Ojougboh talked of how a then serving senator was handling 300 contracts for the NDDC, with 120 of them already fully paid by the commission. He would not name the senator, neither did he say how much was already paid out to him.
The then interim management committee set up by the federal government was to help “create an enabling environment” for a forensic audit of the commission. Till date, nothing has been heard of the audit committee announced by outgoing President Muhammadu Buhari.
Concerns have continued to rise over many years about NDDC’s unenviable record of failures to accomplish its mandate listed out in October 2000, as an interventionist agency with set goal “to quicken the development of the oil-rich Niger Delta”.
Since its inception in 2000, NDDC has received at least $40 billion or N15 trillion for supposed capital projects in the oil-rich Niger Delta, yet had serially failed to get off the ground with a robust blueprint known as the Niger Delta Regional Development Master Plan. The plan’s highlights include demography, environment and hydrology, agriculture and aquaculture, with focus on economic activities, biodiversity, transport infrastructure such as roads linking up all the oil communities straddling nine states, rail line; health care outfits; rural, urban, regional planning and housing, community development, governance and capacity development.
Adia urged the NDDC board under Lauretta Onochie to take the contractors into confidence while seeking for solutions to get them paid. He assured that the contractors’ association were willing to assist the commission and get all monies owed.

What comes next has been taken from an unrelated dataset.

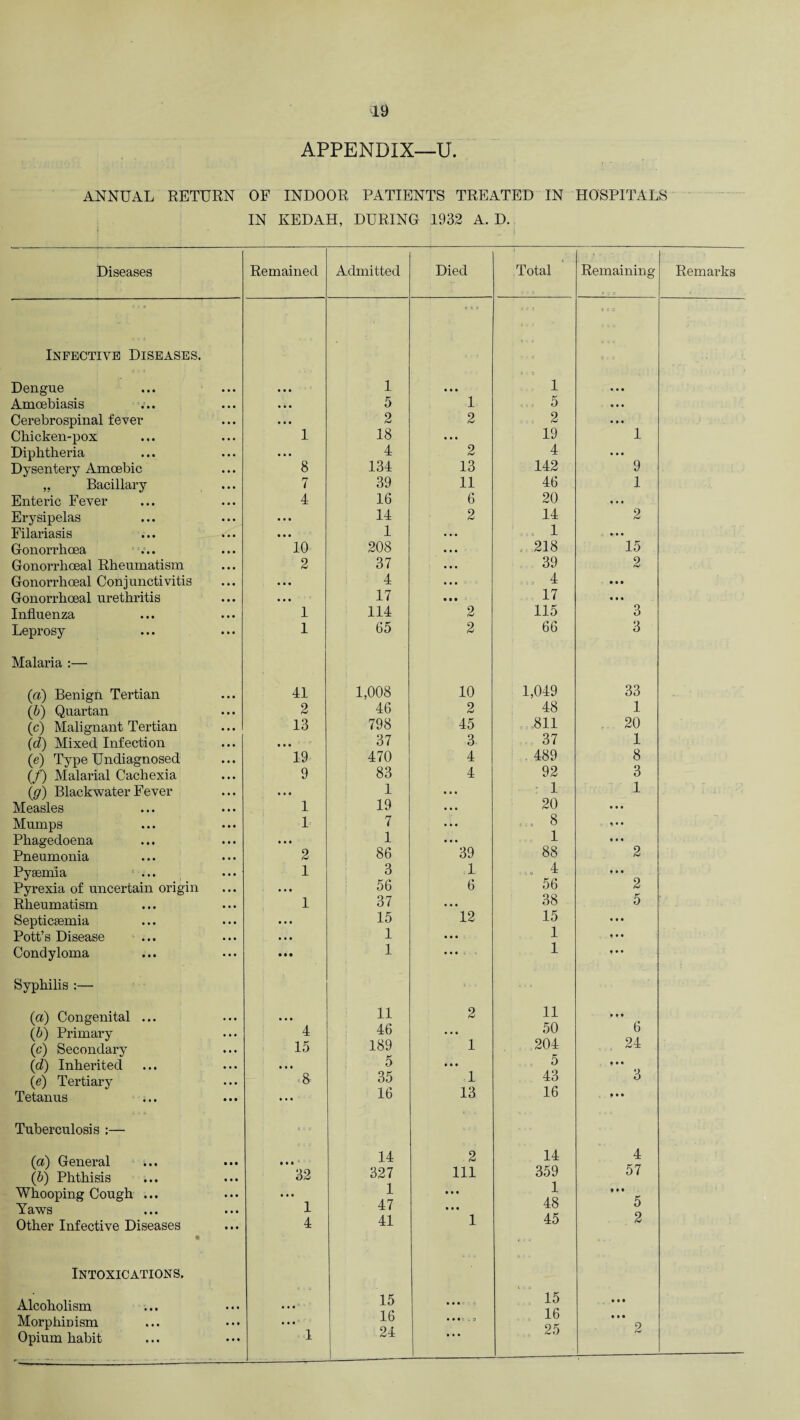 APPENDIX—U. ANNUAL RETURN OF INDOOR PATIENTS TREATED IN HOSPITALS IN KEDAH, DURING 1932 A. D. ! t . • » Infective Diseases. Dengue Amoebiasis Cerebrospinal fever Chicken-pox Diphtheria Dysentery Amoebic „ Bacillary Enteric Fever Erysipelas Filariasis Gonorrhoea ... Gonorrhoeal Rheumatism Gonorrhoeal Conjunctivitis Gonorrhoeal urethritis Influenza Leprosy Malaria :— (a) Benign Tertian (b) Quartan (c) Malignant Tertian (d) Mixed Infection (e) Type Undiagnosed (/) Malarial Cachexia (jj) Blackwater Fever Measles Mumps Phagedoena Pneumonia Pyaemia ' ... Pyrexia of uncertain origin Rheumatism Septicaemia Pott’s Disease ... Condyloma Syphilis :— (a) Congenital ... (b) Primary (c) Secondary (d) Inherited (e) Tertiary Tetanus Tuberculosis :— (a) General (b) Phthisis Whooping Cough ... Yaws Other Infective Diseases Intoxications. Alcoholism Morphinism Opium habit c • • • 1 tie • • • 1 ecu • • • • • • 5 1 5 • • • • • • 2 2 2 • * • 1 18 • • • 19 1 • • • 4 2 4 • • • 8 134 13 142 9 7 39 11 46 1 4 16 6 20 • • • • • • 14 2 14 2 • • • 1 1 10 208 • • • . 218 15 2 37 • • • 39 2 • • • 4 • • • ... 4 Ml • • • 17 • • • 17 • • • 1 114 2 115 3 1 65 2 66 3 41 1,008 10 1,049 33 2 46 2 48 1 13 798 45 -,-811 . 20 • • • 37 3 37 1 19 470 4 . 489 8 9 83 4 92 3 • • • 1 • • • : 1 1 1 19 • • ■ 20 • • • 1 7 • »• , 8 * * * • • • 1 • • • 1 • • • 2 86 39 88 2 1 3 .1 .. 4 • • • • • • 56 6 56 2 1 37 • • • 38 5 15 12 15 • # • 1 • • • 1 in • • • 1 1 11 2 11 • • • 4 46 • • • 50 6 15 189 1 204 24 5 • • • 5 IM 8 35 1 43 3 • • • 16 13 16 in e t * 32 14 327 2 111 14 359 4 57 1 1 • • • 1 47 • • • 48 5 4 41 1 45 2 < ■ V 15 • • • 15 • • • 16 16 • • • • • • 1 24 • • • 25 2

Onochie, chairman of the NDDC governing board, inaugurated in January, has appealed to the contractors to be patient, as the commission was addressing the challenges delaying their outstanding payments.
She said the contractors’ support and cooperation were necessary in resolving the challenges, regretting that those of them who had completed their jobs were yet to be paid.
According to her, the commission had set up a committee to streamline the payment of all verifiable outstanding debts.
“One of the first things we did as a board when we assumed office was to look for means to address the issue of unpaid bills. Please, be patient with us. Give us a little more time to do our house cleaning. You are our partners in the development process. When I hear about the backlog of debts to contractors, I get disturbed. It is only fair that contractors who have done their jobs get paid for them. We have set up a committee to work out modalities for paying the contractors,” Onochie said.